Ele está por aí há muitos, muitos anos, e roubou a alma e a fé de uma mulher, como diz a letra de “Sympathy for the Devil”, mas também arrebatou muitos fãs. Sim, estamos falando do inesquecível conde Vladimir Polanski, o Vlad para os incautos que caíram na sua lábia há quase 26 anos, quando “Vamp” estreava na Globo e nem sonhava em virar musical. O personagem, que deveria ser uma participação de poucos capítulos no folhetim e virou protagonista, também domina o palco na adaptação, que estreou no último fim de semana no Teatro Riachuelo, no Rio.

O jeito debochado e cruel do líder dos vampiros, que ameaça transformar seus subalternos em sapo cururu e adora esbofeteá-los por puro prazer ajuda, claro. Mas o carisma de Ney Latorraca em cena é a cartada final: completamente à vontade, ele diz que está carente e pede aplausos, distribui dentes postiços à plateia, inclui cacos e tira proveito do que a peça oferece. Se a novela tinha efeitos especiais, o espetáculo se apoia em alguns artifícios mecânicos para dar conta da trama sobrenatural. Quando Gerald (Pedro Henrique Lopes) flutua, Ney brinca com a plateia: “Gostaram do efeito? São meus poderes”. Também não perde a oportunidade de repetir o bordão “Gotoso” sempre que tem oportunidade.

O enredo continua a mesmo: em busca de fama, a jovem roqueira Natasha (Claudia Ohana) faz um pacto com Vlad. Atormentada pela maldição, aceita o conselho de um aliado para encontrar uma maneira de destruir seu algoz. Na novela, a cantora recebia a dica de seu anjo da guarda, Rafael (Marcos Breda), que lhe conta a lenda da Cruz de São Sebastião, adormecida em algum lugar da fictícia Baía dos Anjos. No musical, tal personagem nem existe: quem lhe sopra a saída para seu dilema - o Medalhão do Poder - é Mrs. Penn Taylor, uma implacável britânica caçadora de vampiros, numa inspirada recriação de Evelyn Castro para o papel que já foi de Vera Holtz na TV.

Em ambos os casos, apenas um homem chamado Rocha é capaz de livrar Natasha, já que a ligação entre eles vêm de encarnações passadas. A diferença é que no musical, o capitão Jonas Rocha (Luciano Andrey) é bem mais jovem do que o papel de Reginaldo Faria, assim como sua mulher, Carmem Maura (Erika Riba), interpretada por Joanna Fomm no folhetim. Na condensação de meses de novela em pouco mais de duas horas de espetáculo, a filharada do casal perde protagonismo e até o envolvimento de Natasha com o mocinho Lipe (Oscar Fabião) acaba ofuscado.
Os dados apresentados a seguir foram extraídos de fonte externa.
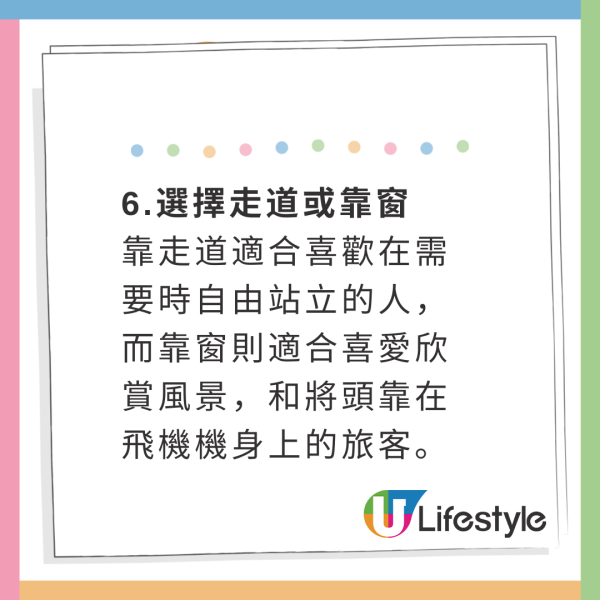 專家公開7大飛機揀位攻略!最低價買到最好位置!遠離BB、更闊腿部空間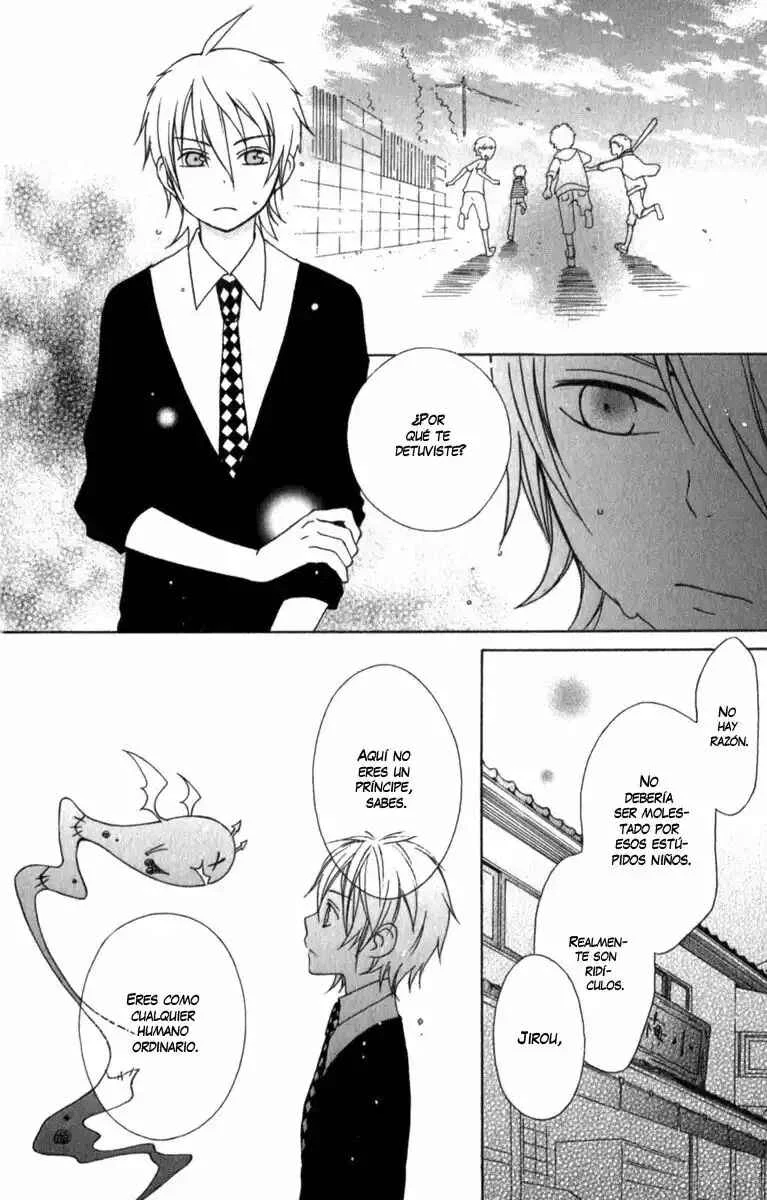 Kurenai Ouji Capítulo 3 - Page 31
Claudia Ohana e Ney Latorraca em cena de "Vamp - O Musical" - Roberto Filho/Brazil News - Roberto Filho/Brazil News
Claudia Ohana e Ney Latorraca em cena de "Vamp - O Musical"
Imagem: Roberto Filho/Brazil News
 

Destaque na TV, a cômica família Matoso - Mary (Lívia Dabarian), Matoso (Osvaldo Mil), Matosão (Thadeu Matos) e Matosinho (Xande Valois) - também tem importância na peça, mas as principais cenas de humor ficam com Penn Taylor (sem seu fiel escudeiro, o atrapalhado Augusto César) e a inédita Madrácula (Cláudia Netto), a mãe de Vlad, com sotaque português (!) e que dança até o vira. Inusitada, a “rainha da Transilvânia” faz boa dobradinha com o conde, que revela seu lado mais infantil e vulnerável com ela.

Piscadela para os fãs da novela, o circo até aparece na adaptação, mas nem sinal de Simão ou Jezebel, vividos na novela por Evandro Mesquita e Bete Coelho. Também não houve espaço para o popular padre garotão de Nuno Leal Maia. Mas o clima de nostalgia fica evidente nas próprias músicas da peça concebida por Jorge Fernando e dirigida também por Diego Morais, que resgata muita coisa da trilha sonora da novela. “Noite Preta”, de Vange Leonel, o marcante tema de abertura, entra em cena junto com “Sympathy for the Devil” e “Doce Vampiro”, parte do repertório de Natasha, “Felicidade Urgente”, de Elba Ramalho, e “Grunir”, de Orlando Morais, entre outras.

Uma sequência marcante da trama de Antonio Calmon, aliás, ganha releitura no espetáculo. É quando Vlad interpreta “Thriller” num cemitério, acompanhado por dançarinos mortos-vivos, com o acréscimo de um número de sapateado e mais piadas de Ney (“Me deu cãimbra”), lembrando que o tempo passa até para os imortais. Vinte e seis anos depois, embora mencione um LP em determinado momento, o texto faz citações mais modernas, a Beyoncé e Rihanna, e abre espaço para referência até a “Deu Onda” (num provável caco de Osvaldo Mil). O roteiro também busca surpreender o público que conhece a história de trás para frente e aposta num desfecho bastante diferente do original. Uma coisa é certa, no entanto: a lenda chamada Vladimir Polanski não morre tão cedo.